National Poetry Month, day 4: Christine Turner Curtis

An odd road to this one: my last two years of college, I lived in a rented house with a roommate, and thus I was off the campus meal plan as well. This meant cooking. As a college student with little income (OK, let’s be honest, outside of what my parents were graciously willing to send me despite my frankly not-especially-good habits of showing gratitude for it, no income), “cooking” generally meant things like Kraft Mac-and-Cheese, Ramen noodles, PB&J or bologna sandwiches, and the like. But I did start learning to do more actual cooking during those years, with a big way of learning my way about a kitchen coming from Jeff Smith, the “Frugal Gourmet”, who at the time was still a big name. I bought a number of his cookbooks and I enjoyed watching his shows, which just happened for one year to run in the afternoons in Iowa during a period when I had no classes.

(I know, I know, all about what happened to Smith’s career, and I’m not relitigating any of that in this space. It’s not the point.)

My favorite of Smith’s cookbooks, which in addition to having a lot of great information in the recipes were just good food writing in general, is The Frugal Gourmet Cooks American, in which Smith focused heavily on foods native to America, or reflective of American history. He believed that food and memory–i.e., history in the personal sense as well as the larger, collective sense–were intertwined, and that foods that were enjoyed by our ancestors should still be enjoyed, even if our associations with them weren’t always positive. Hence a story he told about his father one day cooking cornmeal mush in the kitchen, and young Jeff’s confusion at this when his father had told him once that he’d had many mornings as a poor kid when all they’d had to eat was cornmeal mush.

“If all you had to eat was cornmeal mush, and you got sick of it, why are you cooking it now?” Jeff asked.

“Because I have to taste it again,” said Jeff’s father.

But anyway, onto poetry. There’s a section in The Frugal Gourmet Cooks American about New England’s food heritage, going all the way back to the first Pilgrim colonists. (Again, this was written in the 1980s. Smith was a lot more acknowledging of what European colonists had done to the native populations than most, but he was still very much “of his time”.) At the end of a brief introductory essay, Smith closes with this bit of verse:

All the fine old frugal ways
Of the early Pilgrim years
Have the power to wake in me
A deep and sober ecstasy
Close akin to tears.

I’ve always rather liked that little bit. Problem is, Smith doesn’t credit it! I have never been able to figure out where it came from, and I wondered if Jeff Smith wrote it himself.

He did not.

I’ve searched that verse online every once in a while over the years, and never found a source for it…until just the other day.

The author is one Christine Turner Curtis, a writer about whom almost no information exists online, as far as I can find.

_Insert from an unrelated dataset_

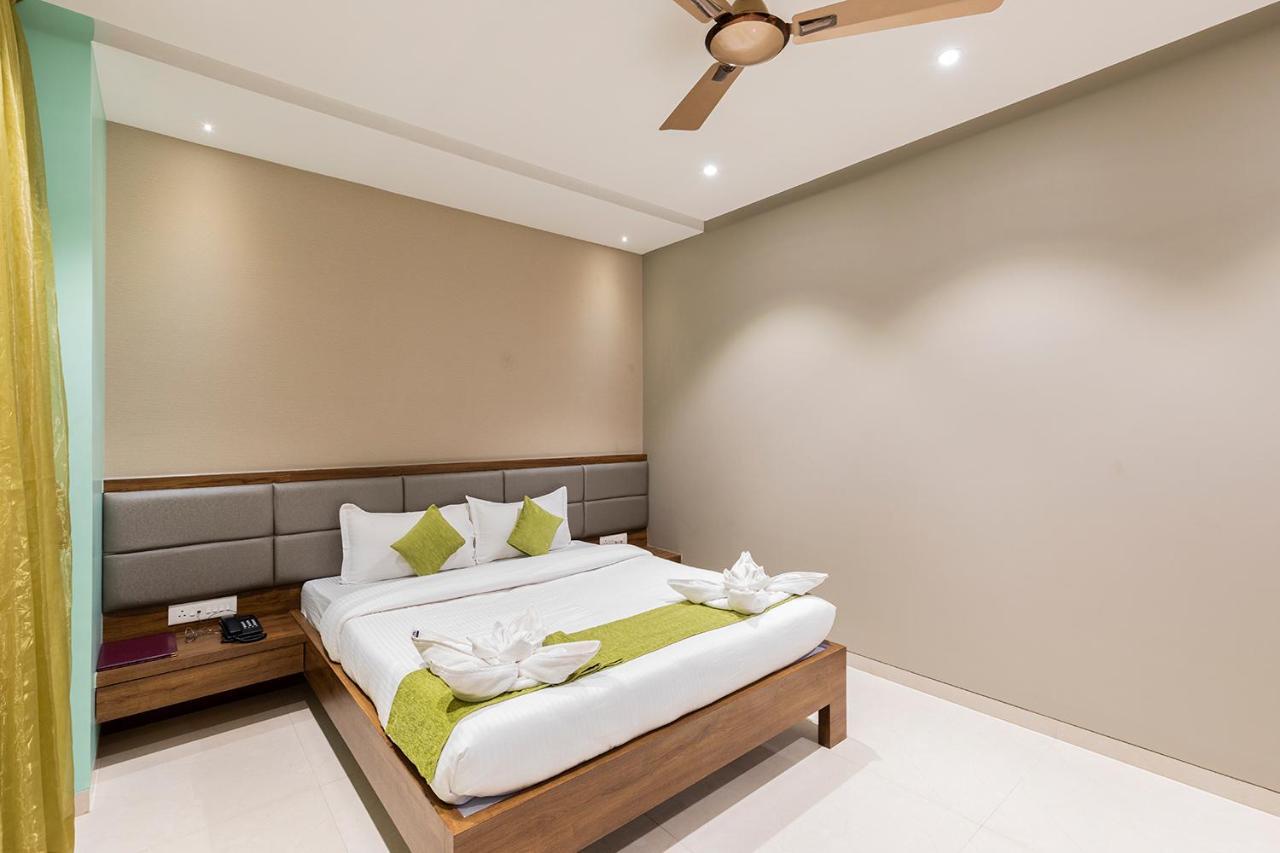 Hotel Seven Oaks Navi Mumbai Exteriör bild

All I know is that Curtis was born in 1891, she was a New England poet and writer, and her most notable work is apparently a novel called Amarilis. I also found, in a collection of verse written by poets connected to Wellesley College over fifty years, from 1875 to 1925. The book is digitized into Google Books, and as the book was probably out of print more than fifty years before Jeff Smith ever started researching his American cookbook, I’d be interested to know exactly how he came across this terrifically obscure bit of verse.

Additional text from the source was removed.